[Record excerpts — start]
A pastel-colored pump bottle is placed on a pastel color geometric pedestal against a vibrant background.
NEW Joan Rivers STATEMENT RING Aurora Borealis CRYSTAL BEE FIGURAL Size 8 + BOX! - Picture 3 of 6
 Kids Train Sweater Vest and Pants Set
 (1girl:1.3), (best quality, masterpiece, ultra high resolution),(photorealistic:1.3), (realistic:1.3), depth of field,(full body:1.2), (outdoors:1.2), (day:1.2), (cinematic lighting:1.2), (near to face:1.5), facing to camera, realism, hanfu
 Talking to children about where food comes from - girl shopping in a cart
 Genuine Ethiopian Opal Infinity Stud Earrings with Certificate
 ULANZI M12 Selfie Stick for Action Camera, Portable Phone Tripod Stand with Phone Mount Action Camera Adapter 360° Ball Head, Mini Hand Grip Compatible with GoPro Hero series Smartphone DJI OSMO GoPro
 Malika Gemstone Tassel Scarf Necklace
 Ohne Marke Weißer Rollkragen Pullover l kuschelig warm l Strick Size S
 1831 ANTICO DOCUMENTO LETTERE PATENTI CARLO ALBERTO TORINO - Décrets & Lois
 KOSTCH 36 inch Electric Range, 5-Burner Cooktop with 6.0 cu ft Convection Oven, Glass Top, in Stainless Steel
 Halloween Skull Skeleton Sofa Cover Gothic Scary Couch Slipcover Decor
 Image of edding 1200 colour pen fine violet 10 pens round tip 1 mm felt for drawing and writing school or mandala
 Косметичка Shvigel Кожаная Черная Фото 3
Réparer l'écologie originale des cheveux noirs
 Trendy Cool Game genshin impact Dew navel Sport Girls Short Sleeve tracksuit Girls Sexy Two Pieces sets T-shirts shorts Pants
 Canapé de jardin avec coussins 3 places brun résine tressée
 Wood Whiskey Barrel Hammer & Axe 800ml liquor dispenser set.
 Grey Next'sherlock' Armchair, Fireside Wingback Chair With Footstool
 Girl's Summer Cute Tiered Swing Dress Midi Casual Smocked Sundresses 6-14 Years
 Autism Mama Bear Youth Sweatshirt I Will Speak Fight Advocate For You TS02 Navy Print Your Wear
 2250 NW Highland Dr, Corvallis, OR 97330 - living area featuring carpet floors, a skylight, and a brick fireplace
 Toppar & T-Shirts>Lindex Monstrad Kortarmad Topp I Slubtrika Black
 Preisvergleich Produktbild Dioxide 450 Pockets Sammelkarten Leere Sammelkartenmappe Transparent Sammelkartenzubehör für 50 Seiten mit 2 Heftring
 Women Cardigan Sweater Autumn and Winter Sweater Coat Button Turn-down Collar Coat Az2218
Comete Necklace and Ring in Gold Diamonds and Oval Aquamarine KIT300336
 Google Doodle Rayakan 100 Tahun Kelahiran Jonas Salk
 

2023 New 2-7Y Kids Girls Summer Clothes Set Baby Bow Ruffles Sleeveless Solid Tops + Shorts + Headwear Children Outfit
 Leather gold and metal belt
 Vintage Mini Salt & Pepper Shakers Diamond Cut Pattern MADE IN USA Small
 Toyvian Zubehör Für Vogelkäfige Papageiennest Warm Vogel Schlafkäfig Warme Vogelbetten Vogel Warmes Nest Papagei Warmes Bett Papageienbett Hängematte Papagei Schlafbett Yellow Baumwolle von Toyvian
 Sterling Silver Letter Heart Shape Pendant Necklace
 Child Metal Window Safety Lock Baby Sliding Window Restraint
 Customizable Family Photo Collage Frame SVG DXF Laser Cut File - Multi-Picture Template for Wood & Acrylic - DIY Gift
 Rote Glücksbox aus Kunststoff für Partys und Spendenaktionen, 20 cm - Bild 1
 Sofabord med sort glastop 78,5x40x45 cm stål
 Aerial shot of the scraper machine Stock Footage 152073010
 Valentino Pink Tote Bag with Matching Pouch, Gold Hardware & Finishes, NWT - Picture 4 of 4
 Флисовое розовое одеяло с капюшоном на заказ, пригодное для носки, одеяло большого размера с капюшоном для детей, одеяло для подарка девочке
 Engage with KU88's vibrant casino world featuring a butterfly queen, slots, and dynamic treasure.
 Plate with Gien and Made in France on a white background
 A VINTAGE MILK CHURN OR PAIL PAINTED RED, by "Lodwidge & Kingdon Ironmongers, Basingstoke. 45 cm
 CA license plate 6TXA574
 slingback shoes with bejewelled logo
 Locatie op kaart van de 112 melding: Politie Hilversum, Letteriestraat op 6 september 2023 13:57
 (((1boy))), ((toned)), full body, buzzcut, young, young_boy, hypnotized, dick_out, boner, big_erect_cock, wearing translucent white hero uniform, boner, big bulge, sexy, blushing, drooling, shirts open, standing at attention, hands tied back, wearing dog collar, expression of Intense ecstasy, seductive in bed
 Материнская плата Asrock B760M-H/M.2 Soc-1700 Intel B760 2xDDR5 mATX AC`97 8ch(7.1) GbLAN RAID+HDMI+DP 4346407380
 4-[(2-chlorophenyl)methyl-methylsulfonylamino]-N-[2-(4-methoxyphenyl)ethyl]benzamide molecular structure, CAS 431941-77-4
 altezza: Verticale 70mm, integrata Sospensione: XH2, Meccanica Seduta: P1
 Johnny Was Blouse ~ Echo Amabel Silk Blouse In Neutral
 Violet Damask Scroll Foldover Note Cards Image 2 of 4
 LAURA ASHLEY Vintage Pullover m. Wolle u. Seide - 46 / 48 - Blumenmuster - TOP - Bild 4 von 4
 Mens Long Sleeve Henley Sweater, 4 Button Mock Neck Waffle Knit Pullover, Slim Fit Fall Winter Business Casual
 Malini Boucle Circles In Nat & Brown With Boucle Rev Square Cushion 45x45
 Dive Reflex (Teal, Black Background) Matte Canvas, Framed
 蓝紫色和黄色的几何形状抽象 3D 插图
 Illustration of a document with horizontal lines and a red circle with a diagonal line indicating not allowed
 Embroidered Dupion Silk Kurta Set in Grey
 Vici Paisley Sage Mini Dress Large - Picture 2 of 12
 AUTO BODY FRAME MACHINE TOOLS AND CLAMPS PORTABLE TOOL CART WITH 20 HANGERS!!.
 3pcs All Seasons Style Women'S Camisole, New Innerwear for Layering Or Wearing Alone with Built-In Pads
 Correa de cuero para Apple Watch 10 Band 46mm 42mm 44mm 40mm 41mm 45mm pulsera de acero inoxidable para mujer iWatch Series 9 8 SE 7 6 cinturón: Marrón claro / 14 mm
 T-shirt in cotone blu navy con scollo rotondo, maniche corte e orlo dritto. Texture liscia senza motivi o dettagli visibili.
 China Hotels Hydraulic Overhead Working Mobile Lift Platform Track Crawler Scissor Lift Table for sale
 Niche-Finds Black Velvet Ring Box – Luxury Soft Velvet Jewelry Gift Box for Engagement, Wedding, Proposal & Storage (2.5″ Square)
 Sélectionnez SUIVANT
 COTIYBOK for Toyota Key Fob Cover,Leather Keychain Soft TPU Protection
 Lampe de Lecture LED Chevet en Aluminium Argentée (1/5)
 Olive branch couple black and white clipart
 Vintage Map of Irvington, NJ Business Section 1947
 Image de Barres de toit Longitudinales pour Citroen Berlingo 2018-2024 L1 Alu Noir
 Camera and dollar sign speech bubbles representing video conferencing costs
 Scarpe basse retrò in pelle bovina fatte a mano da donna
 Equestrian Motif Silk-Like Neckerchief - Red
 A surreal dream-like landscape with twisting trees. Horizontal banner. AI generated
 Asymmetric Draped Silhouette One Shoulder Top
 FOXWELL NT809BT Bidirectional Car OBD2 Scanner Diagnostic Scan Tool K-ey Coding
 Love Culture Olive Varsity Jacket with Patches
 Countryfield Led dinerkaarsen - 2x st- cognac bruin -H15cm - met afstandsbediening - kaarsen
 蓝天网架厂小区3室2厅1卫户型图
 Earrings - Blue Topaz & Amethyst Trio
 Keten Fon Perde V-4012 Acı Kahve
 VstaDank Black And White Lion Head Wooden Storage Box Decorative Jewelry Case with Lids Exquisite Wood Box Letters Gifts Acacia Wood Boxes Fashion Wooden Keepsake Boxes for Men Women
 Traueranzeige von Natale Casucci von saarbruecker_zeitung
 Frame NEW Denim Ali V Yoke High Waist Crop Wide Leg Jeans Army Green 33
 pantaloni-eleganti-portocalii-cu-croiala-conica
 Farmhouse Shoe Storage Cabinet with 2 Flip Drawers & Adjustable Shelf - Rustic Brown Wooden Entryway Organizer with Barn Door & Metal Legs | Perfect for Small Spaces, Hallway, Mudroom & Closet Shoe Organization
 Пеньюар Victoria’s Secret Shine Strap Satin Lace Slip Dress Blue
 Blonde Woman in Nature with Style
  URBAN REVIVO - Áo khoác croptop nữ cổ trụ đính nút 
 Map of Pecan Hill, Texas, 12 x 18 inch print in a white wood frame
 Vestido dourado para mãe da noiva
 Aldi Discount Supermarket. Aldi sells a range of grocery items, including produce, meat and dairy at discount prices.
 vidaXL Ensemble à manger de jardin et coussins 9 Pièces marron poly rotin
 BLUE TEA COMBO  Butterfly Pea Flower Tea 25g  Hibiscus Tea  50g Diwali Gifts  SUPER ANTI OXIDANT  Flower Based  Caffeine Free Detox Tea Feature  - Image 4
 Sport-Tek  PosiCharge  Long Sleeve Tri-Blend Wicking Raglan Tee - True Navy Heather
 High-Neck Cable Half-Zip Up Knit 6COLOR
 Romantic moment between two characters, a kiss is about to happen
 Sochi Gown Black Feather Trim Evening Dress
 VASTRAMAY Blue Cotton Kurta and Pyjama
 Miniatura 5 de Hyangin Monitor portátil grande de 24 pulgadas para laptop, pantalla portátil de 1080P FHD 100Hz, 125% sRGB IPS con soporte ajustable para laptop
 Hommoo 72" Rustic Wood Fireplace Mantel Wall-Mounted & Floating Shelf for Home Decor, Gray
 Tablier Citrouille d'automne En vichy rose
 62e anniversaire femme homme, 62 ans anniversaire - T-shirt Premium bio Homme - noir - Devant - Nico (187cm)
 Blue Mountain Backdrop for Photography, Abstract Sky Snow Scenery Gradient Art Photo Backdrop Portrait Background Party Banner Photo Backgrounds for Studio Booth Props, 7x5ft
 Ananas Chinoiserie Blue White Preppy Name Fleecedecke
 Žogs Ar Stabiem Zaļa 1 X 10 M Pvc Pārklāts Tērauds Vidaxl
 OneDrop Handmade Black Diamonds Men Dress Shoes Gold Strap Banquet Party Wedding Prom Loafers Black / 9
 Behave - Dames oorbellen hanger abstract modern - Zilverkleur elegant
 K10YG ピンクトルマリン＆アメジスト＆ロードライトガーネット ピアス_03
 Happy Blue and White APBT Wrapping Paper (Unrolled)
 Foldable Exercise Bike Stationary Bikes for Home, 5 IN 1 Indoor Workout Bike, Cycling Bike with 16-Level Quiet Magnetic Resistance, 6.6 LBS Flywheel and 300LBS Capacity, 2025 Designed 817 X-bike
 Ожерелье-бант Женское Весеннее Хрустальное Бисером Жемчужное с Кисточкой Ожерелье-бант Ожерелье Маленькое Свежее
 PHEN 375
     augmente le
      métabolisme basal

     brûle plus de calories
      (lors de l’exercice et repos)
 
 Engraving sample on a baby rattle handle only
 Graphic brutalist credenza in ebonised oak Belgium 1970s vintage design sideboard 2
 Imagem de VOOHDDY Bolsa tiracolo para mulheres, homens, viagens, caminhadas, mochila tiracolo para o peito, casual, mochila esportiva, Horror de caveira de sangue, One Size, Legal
[Record excerpts — finish]
» The task
An exact, complete copy of the lines above from the one with "China Hotels Hydraulic" through the one with "COTIYBOK for Toyota" is the whole answer.

» Written response
 China Hotels Hydraulic Overhead Working Mobile Lift Platform Track Crawler Scissor Lift Table for sale
 Niche-Finds Black Velvet Ring Box – Luxury Soft Velvet Jewelry Gift Box for Engagement, Wedding, Proposal & Storage (2.5″ Square)
 Sélectionnez SUIVANT
 COTIYBOK for Toyota Key Fob Cover,Leather Keychain Soft TPU Protection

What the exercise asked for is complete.